Keywords

1 Introduction

Reinforcement learning for multiple collaborative agents is important and has many practical applications. Consider a team that consists of different types of players. In many cases, to win a game, each type of player must master highly relevant actions that are necessarily different from the other types of player. For example, players of a defensive team should guard relevant and diverse areas or relevant and different types of players of the other team. This is also the case when controlling many similar robots to perform a task that cannot be performed by a single one. Training them in a way they take different and relevant actions can lead to faster and better convergence to optimal collaboration.

Typical approaches in reinforcement learning, which let each agent take actions independently of other agents, are therefore not effective. Formulating the learning as handling the combination of actions as if it is an action of a hypothetical agent can lead to searching in an exponentially larger action spaces that grow with the number of agents and therefore does not scale well.
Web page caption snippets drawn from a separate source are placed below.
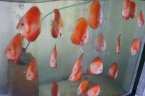 discus surper melon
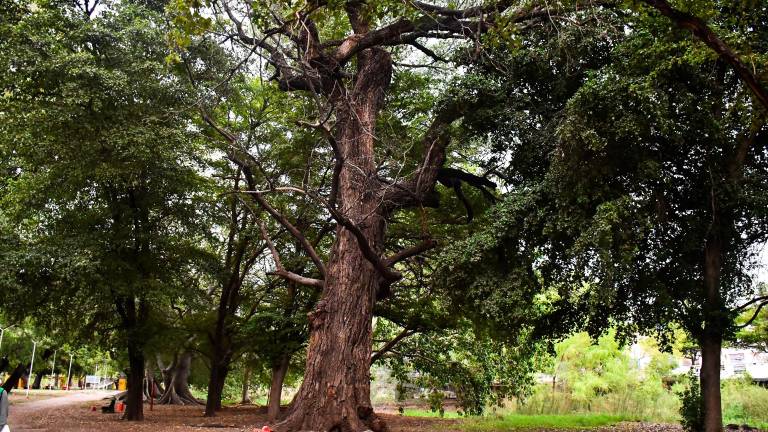 El álamo más longevo de Culiacán, con 173 años de vida y ubicado en la Isla de Orabá, se alza como testigo vivo de la historia y evolución de la ciudad.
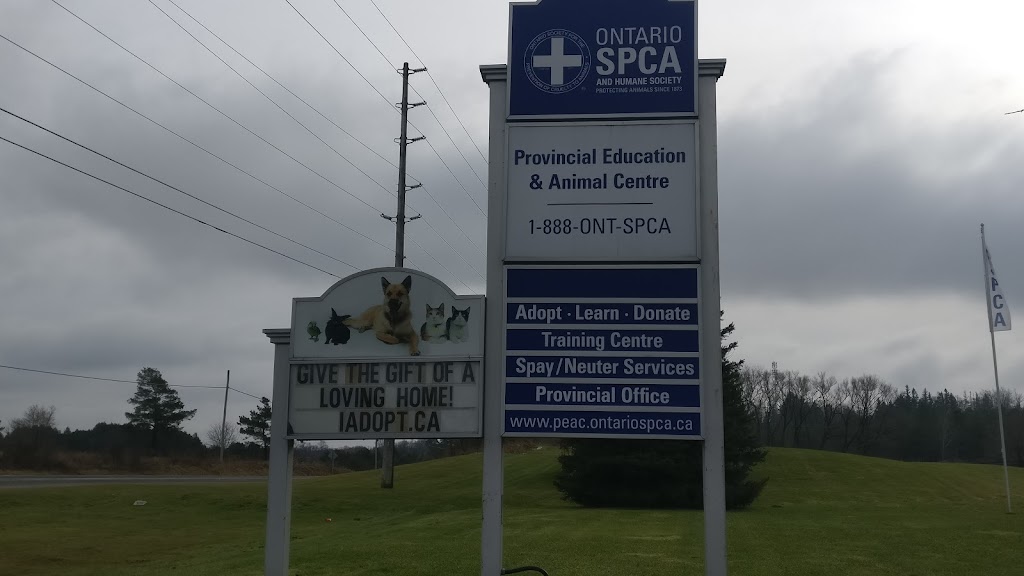 Ontario SPCA Provincial Education & Animal Centre | point of interest | 16586 Woodbine Ave, Whitchurch-Stouffville, ON L4A 2W3, Canada | 9058987122 OR +1 905-898-7122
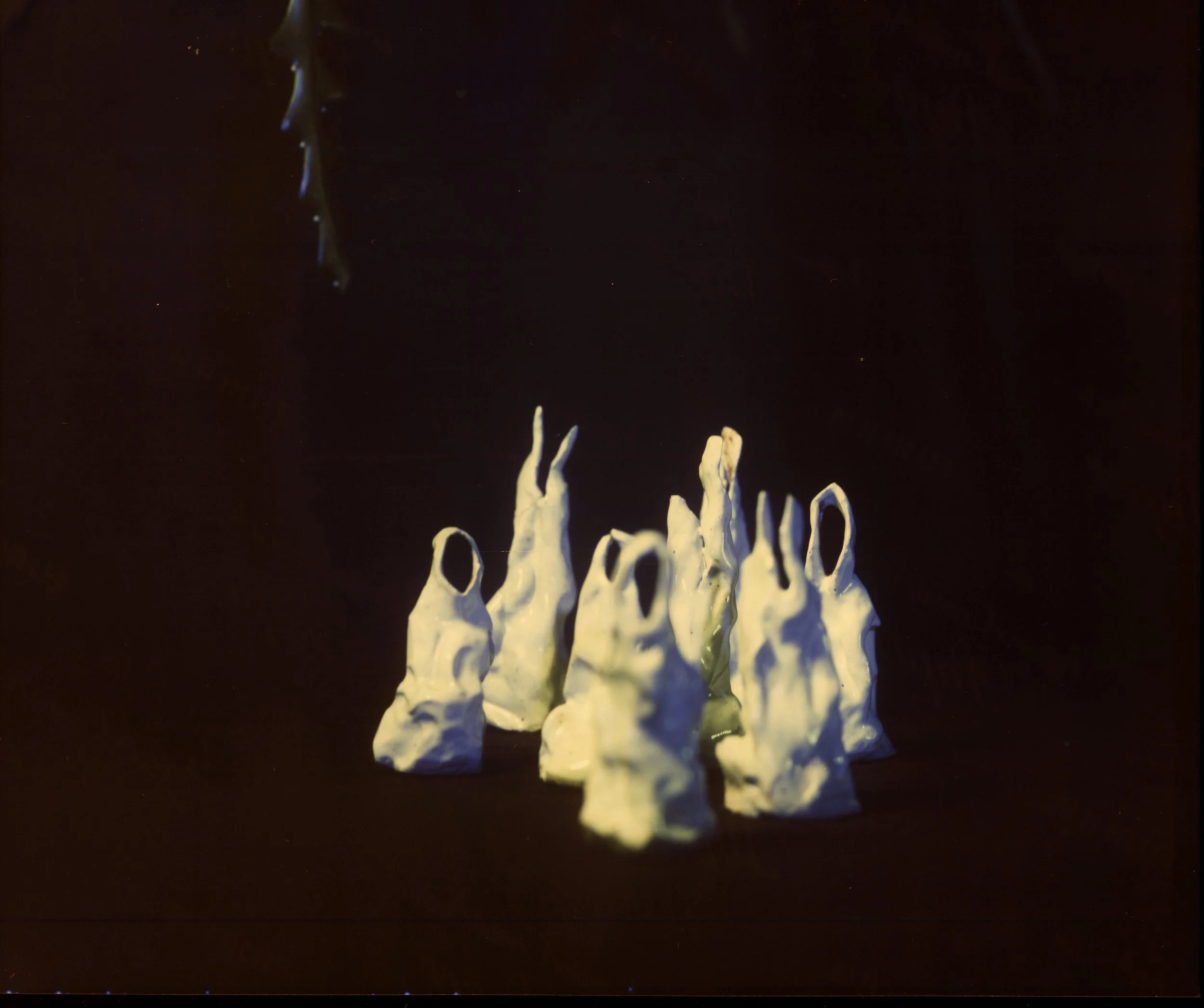 04_Crickets_March25_02 2_neg.jpg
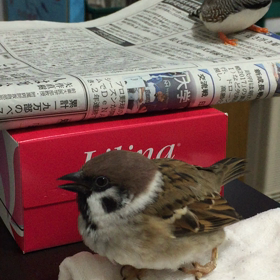 陣地争い的な？の画像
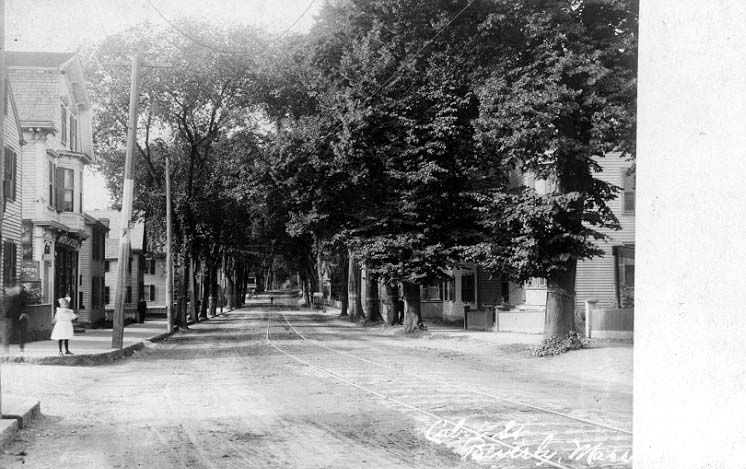 Cabot Street looking north from West Dane Street. 300 Cabot is seen on the left side of the street.
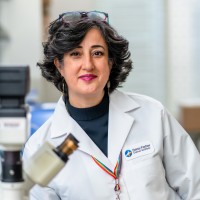 Navid Madani, PhD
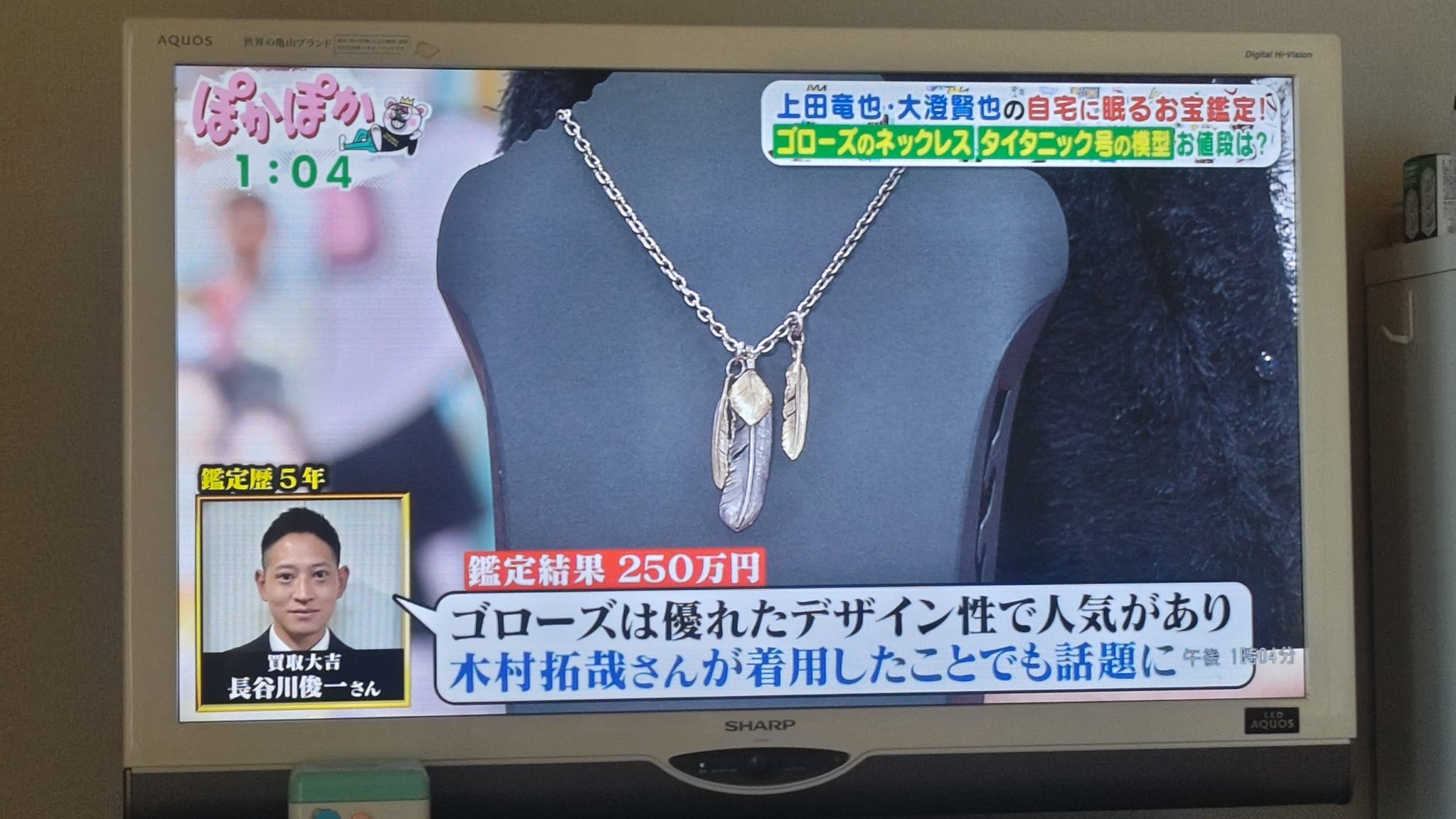 KAT-TUN 上田竜也 ネックレス フェザー 羽 アクセサリー 上田竜也 着用 フェザー ネックレス - メルカリ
In Osogami and Raymond (2019), we have proposed the use of the determinant of a matrix to approximate the action-value function in reinforcement learning that takes into account both relevance and diversity in a natural manner. When each action of an agent in a particular state is characterized by a feature vector, the length of the feature vector corresponds to the relevance of that action at that state. Meanwhile, the angle between two feature vectors represents the diversity between the two corresponding actions at that state. A set of feature vectors then comprises a parallelotope whose volume is determined by the lengths (i.e., relevances) and the angles (i.e., diversities) of the feature vectors. An example of a parallelotope from three feature vectors in three dimensions is shown in Fig. 1. The figure also illustrates two ways the volume can be increased: increasing relevance and increasing diversity. The squared volume of the parallelotope can be computed from the determinant of the Gram matrix of the feature vectors. More specifically, the value of a combination of relevant and diverse actions at a state can be computed from the logarithm of the determinant (log-determinant) of the principal submatrix of a positive semidefinite matrix (kernel), where the principal submatrix is specified by the actions, and the kernel depends on the state.

Fig. 1
figure 1

The logarithm of the squared volume of the parallelepiped defined by the feature vectors of actions represents the value of the combination of those actions. The volume of the parallelepiped is determined by the length of vectors (their relevances) and their angles (their diversities). The volume can be increased by increasing relevance, diversity, or both

In Osogami and Raymond (2019), we have derived efficient learning rules of determinantal SARSA (state-action-reward-state-action algorithm). Namely, we approximate the action-value function of N agents with an \(N \times N\) kernel matrix whose effective dimension is \(K \ll N\), so that at each iteration the action-value function can be updated with the additional \(O(K^3)\) computational complexity. Determinantal SARSA has been shown to find nearly optimal policies approximately ten times faster than baseline approaches (Sallans and Hinton 2001, 2004; Heess et al. 2017; Sallans 2002), where free energy of a restricted Boltzmann machine (RBM) is used as a functional approximator. In this paper, we add theoretical insights and experiments on how to avoid policies with poor local optima by techniques based on derivation of the learning rules of determinantal SARSA.

2 Determinantal SARSA

In this section, we review determinantal SARSA, which we have proposed in Osogami and Raymond (2019). Determinantal SARSA considers the setting with a team of agents under central control. In the following, an agent team refers to the team of agents, and a team action refers to the combination of their actions. At each time t, the agent team makes an observation \(o_t\). Let \(\mathbf {z}_{t} \equiv \xi (a_{t-1}, r_{t}, o_t)\) represent the (features of) observation at time t, which may include the preceding team action \(a_{t-1}\) and reward \(r_{t}\) in addition to \(o_{t}\). Let \(\mathbf {z}_{\le t}\) denote the observations up to t. Depending on what has been observed (i.e., \(\mathbf {z}_{\le t}\)), the agent team takes a team action \(a_t\). Let \(\mathbf {x}_t\equiv \psi (a_t) \in \{0,1\}^N\) be a binary representation of a team action \(a_t\) (e.g.,, \(\mathbf {x}_t\) may indicate which subset of N possible actions is taken by the agent team). The agent team then obtains reward \(r_{t+1}\), and the environment changes its state. The agent team then makes a partial observation \(o_{t+1}\) of the environment and chooses the next team action \(a_{t+1}\), and this process is continued. The goal of the agent team is to sequentially choose team actions so that the cumulative reward is maximized.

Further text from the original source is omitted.